En dat alles om op zoek te gaan naar soms die heel grote haaien en manta’s, walvissen, schildpadden. Dat snappen niet-duikers ook nog wel , daar kun je in de kroeg nog mee aankomen. Maar leg als stoere Argentijn maar eens uit dt je al die moeite doen om ergens tussen de rommel een slakje of garnaaltje van een halve centimeter te zoeken, en te vinden.
En allemaal blij als we boven komen naar ene uur duiken, om een anderhalf uur daarna weer al je vaak nog natte spullen weer aan te trekken, de boot weer op te zoeken, dat heel circus een paar keer per dag te herhalen met ondertussen de eerste dagen een gigantisch slaapgebrek door het tijdverschiul.
Na de twee dagen reizen, de drie duiken, was ik zeer van plan nog mijn dagelijkse blogje te schrijven. Maar na het eten kon ik nauwelijks mijn ogen open houden en er moest nog iets gedaan worden om foto’s te kunnen blijven maken de volgende dag. Om tien uur ’s avonds was ik knock-out. Om een uur of drie klaar wakker en het lukt mijn nog tot een uur of half vijf te blijven liggen, daarna er uit om een beker thee te zetten en alles klaar te leggen voor de komende dag, geheel verkwikt. Laat de dag maar komen. En zo denkt iedereen er hier over, ruim voor zeven uur ben ik lang niet die eerste die zich aan het ontbijt waagt. Deze tweede ochtend kom ik er achter dat er ook yoghurt is, en om dat te vieren neem ik ook een kaasomelet van twee eieren, een glas mandarijnensap en een banaantje mee voor onderweg. Zo haal ik de lunch wel.
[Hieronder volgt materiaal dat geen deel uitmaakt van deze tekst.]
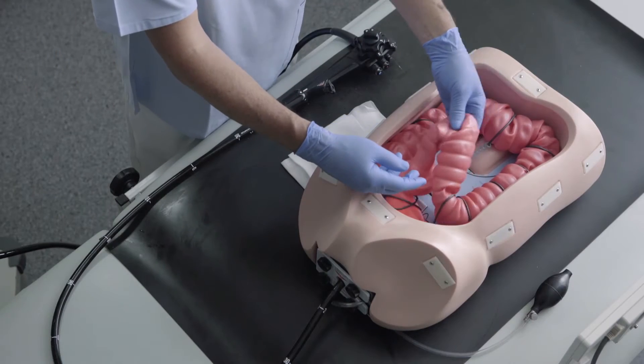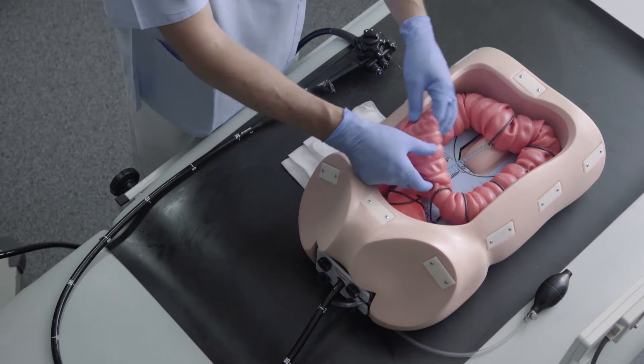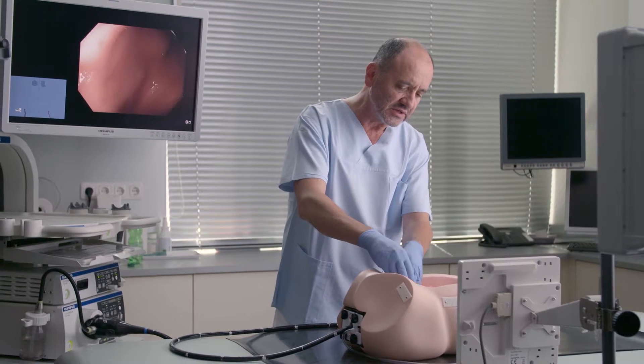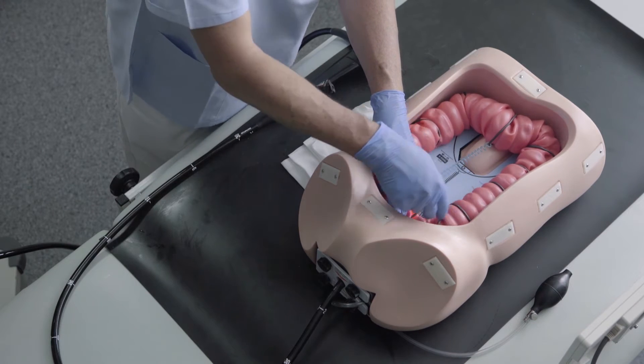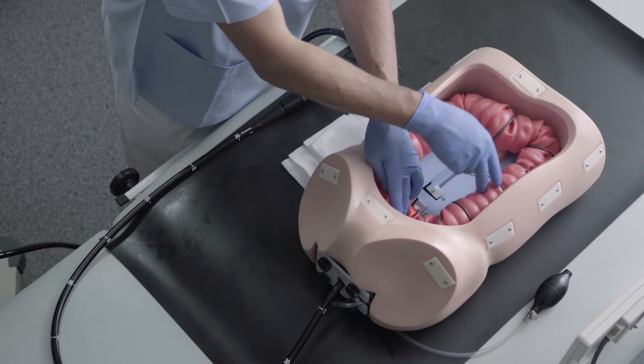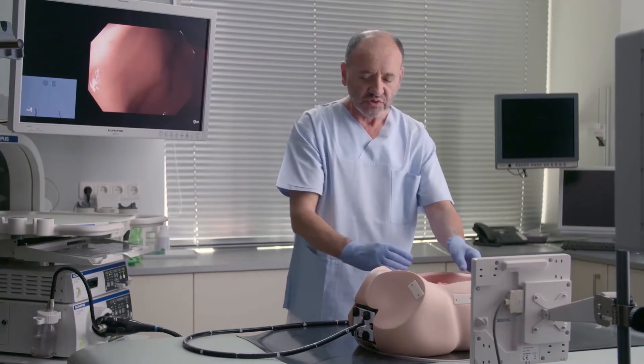This one is very flexible, and if you just push on it, it will cause a lot of pain to the patient. So the purpose is to have it as straight as possible to really pass the sigmoid-descending junction and get into the descending colon and farther up to the cecum.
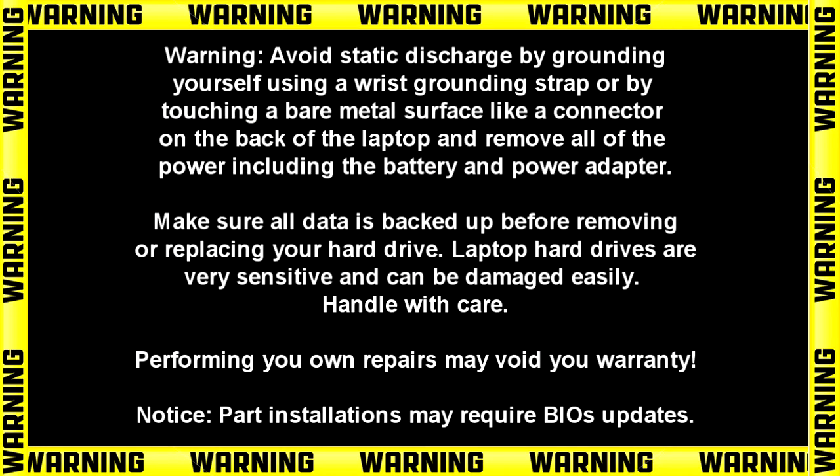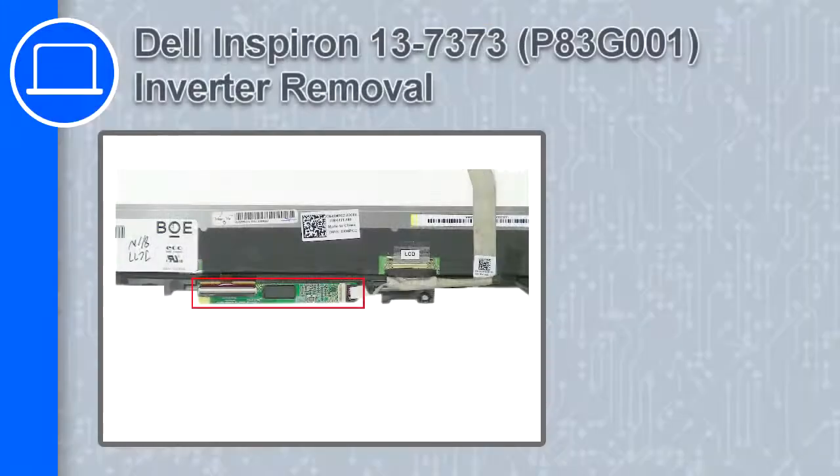Hey, what's up, this is Ricardo and in this video I'll show you how to remove the inverter from a Dell Inspiron 13 version 7373.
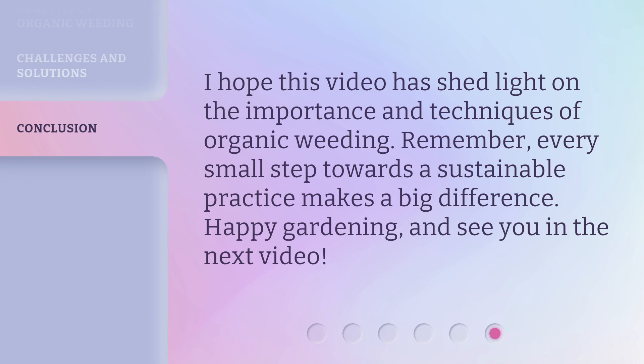I hope this video has shed light on the importance and techniques of organic weeding. Remember, every small step towards a sustainable practice makes a big difference. Happy gardening, and see you in the next video!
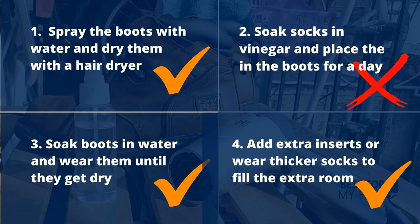Which one of these hacks worked for me? Well, the first hack did work — spraying the boot with water and then drying it with the hairdryer. The second one with the vinegar socks, I don't know what that is, I just read it online and tried it, but that didn't do anything. It just made my boots stink for a few days. The third one with the water worked as well, but it's very uncomfortable — I don't like to wear soaked boots. And the socks and inserts option I do use every now and then.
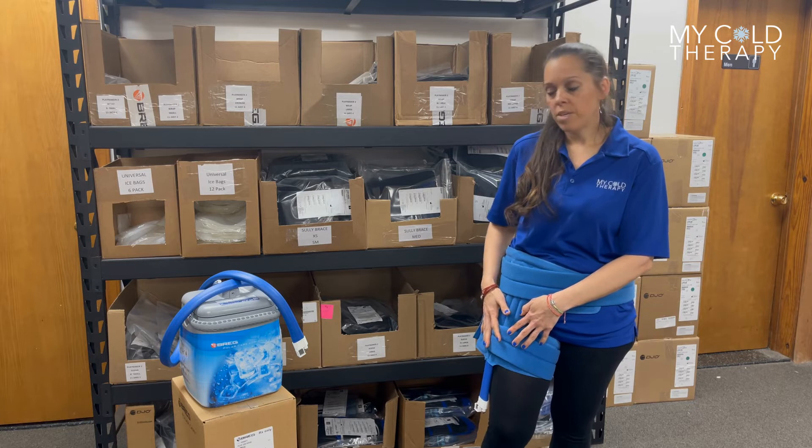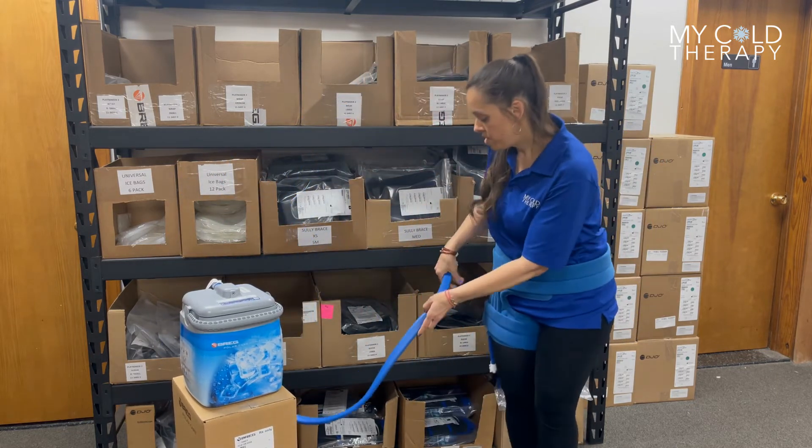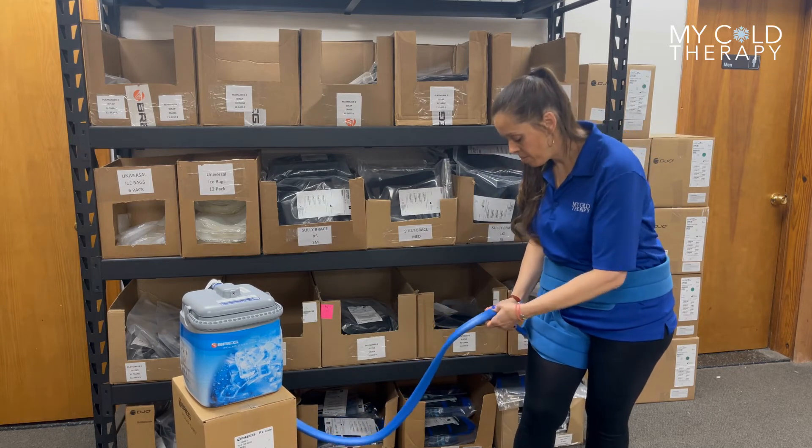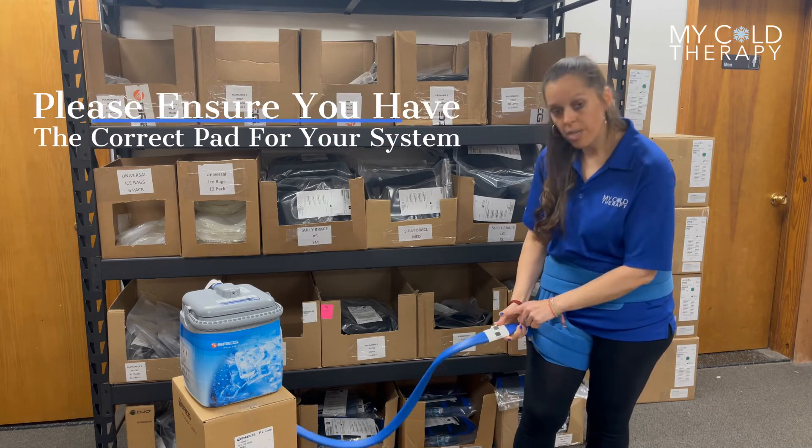Once you have it firmly in place, you're ready to connect to your system. As you can see, there's a pretty good hose length on these systems. Put them together, they click into place, and you're ready to go.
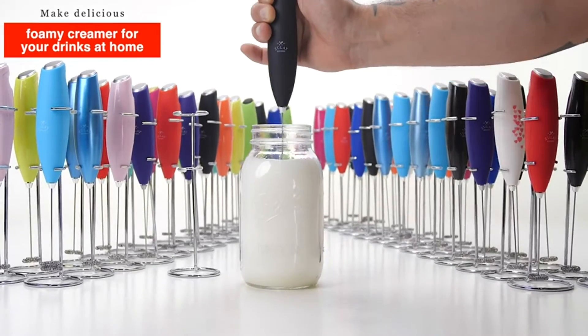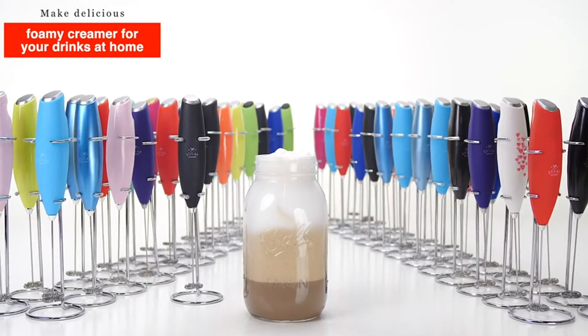Make delicious, foamy cream for your drinks at home without a trip to the coffee shop.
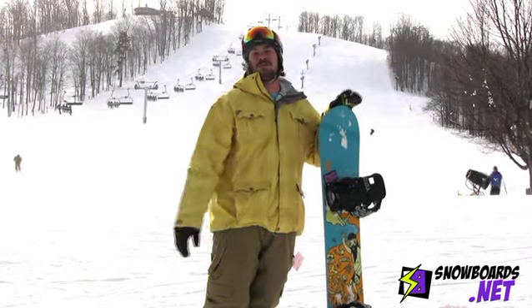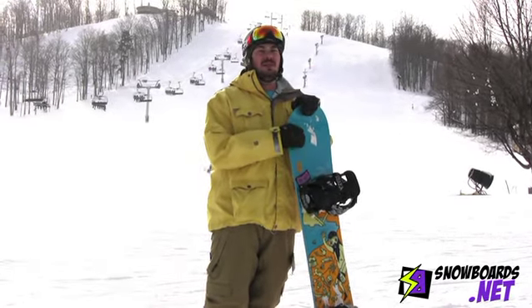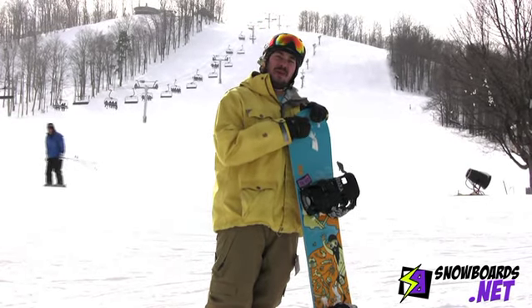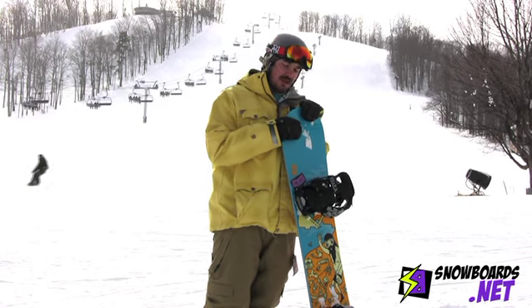Hi, this is Lane and I just got off the Forum Scallywag. It's their entry level rail jib board. I'll give it 4 out of 5 stars. Great board for somebody looking to get into the park and ride the rails and boxes.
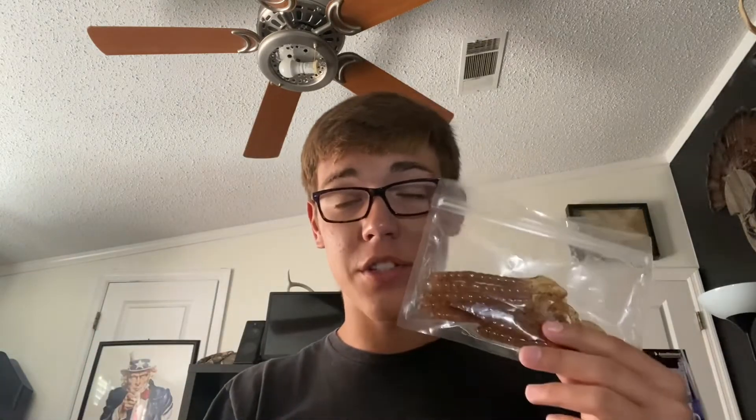Now you just need your soft plastic to finish the Texas rig. And speaking of soft plastics, this video is sponsored by Grampenstein Lures. If you like soft plastic baits and you want custom colors, leave a comment and I'll send you some information.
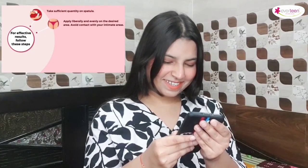No skin darkening, no harsh smell. Specially designed hair remover cream for bikini line. For effective results, follow these steps: take sufficient quantity on spatula, apply liberally and evenly on the desired area, avoid contact with your intimate areas. Leave the cream on the applied area for 5 minutes.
Dit wordt een vier duiken dag. Ik waag me er aan, want de nachtduik lonkt en daar ben ik dol op.
Gewoon onder water om je heen kijken, met je lamp in hoeken en gaten schijnen. Je verkneukelen over die balestoides die liggen te slapen tussen de rotsen, in groepen, met de staartjes zichtbaar vanuit de spleten en gaten. Plezier om de flink grote en voor jou nieuwe slakkensoort Blij met de uitstekende en behulpzame divemaster die er op uit is het zijn gasten naar het zin te maken, wat hem prima lukt.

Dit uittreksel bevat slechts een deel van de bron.